Responsibilities of management and those charged with governance for the consolidated financial statements
Management is responsible for the preparation and fair presentation of the consolidated financial statements in accordance with the Regulations Governing the Preparation of Financial Reports by Securities Issuers and the International Financial Reporting Standards, International Accounting Standards, IFRIC Interpretations, and SIC Interpretations that came into effect as endorsed by the Financial Supervisory Commission, and for such internal control as management determines is necessary to enable the preparation of consolidated financial statements that are free from material misstatement, whether due to fraud or error.
In preparing the consolidated financial statements, management is responsible for assessing the Group’s ability to continue as a going concern, disclosing, as applicable, matters related to going concern and using the going concern basis of accounting unless management either intends to liquidate the Group or to cease operations, or has no realistic alternative but to do so.
Those charged with governance, including the audit committee, are responsible for overseeing the Group’s financial reporting process.

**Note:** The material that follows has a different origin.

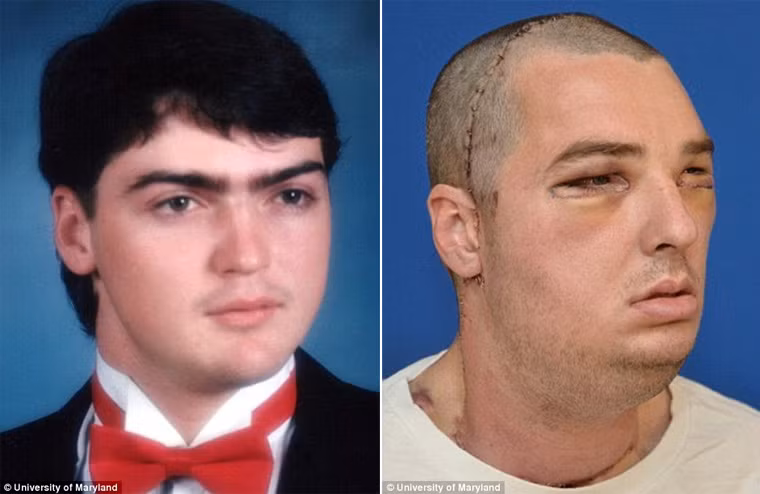 Đến tháng 3/2012, anh được một nhóm gồm 100 bác sĩ tại Trường Đại học Maryland tiến hành phẫu thuật ghép mặt. Cuộc phẫu thuật kéo dài 36 tiếng và rất thành công với khuôn mặt đã khá hoàn chỉnh so với trước, Norris cũng đã lấy lại khứu giác sau cuộc phẫu thuật.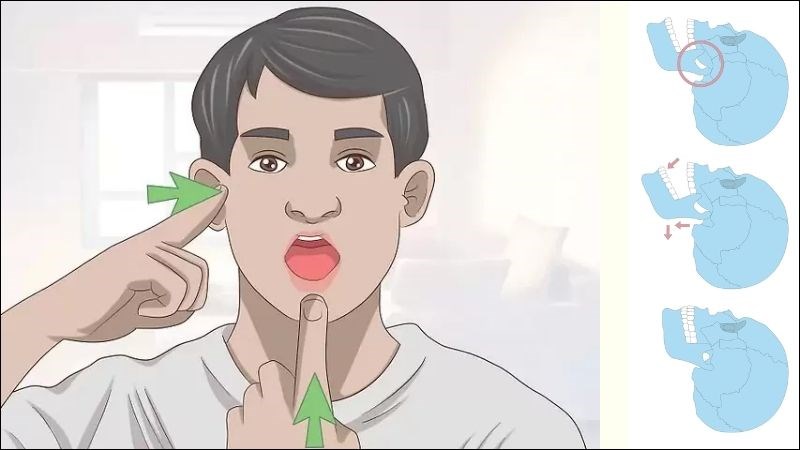 Bài tập mở miệng toàn phần giúp kéo giãn căng cơ hàm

Auditors’ responsibilities for the audit of the consolidated financial statements
Our objectives are to obtain reasonable assurance about whether the consolidated financial statements as a whole are free from material misstatement, whether due to fraud or error, and to issue an auditors’ report that includes our opinion. Reasonable assurance is a high level of assurance, but is not a guarantee that an audit conducted in accordance with the Standards on Auditing of the Republic of China will always detect a material misstatement when it exists. Misstatements can arise from fraud or error and are considered material if, individually or in the aggregate, they could reasonably be expected to influence the economic decisions of users taken on the basis of these consolidated financial statements.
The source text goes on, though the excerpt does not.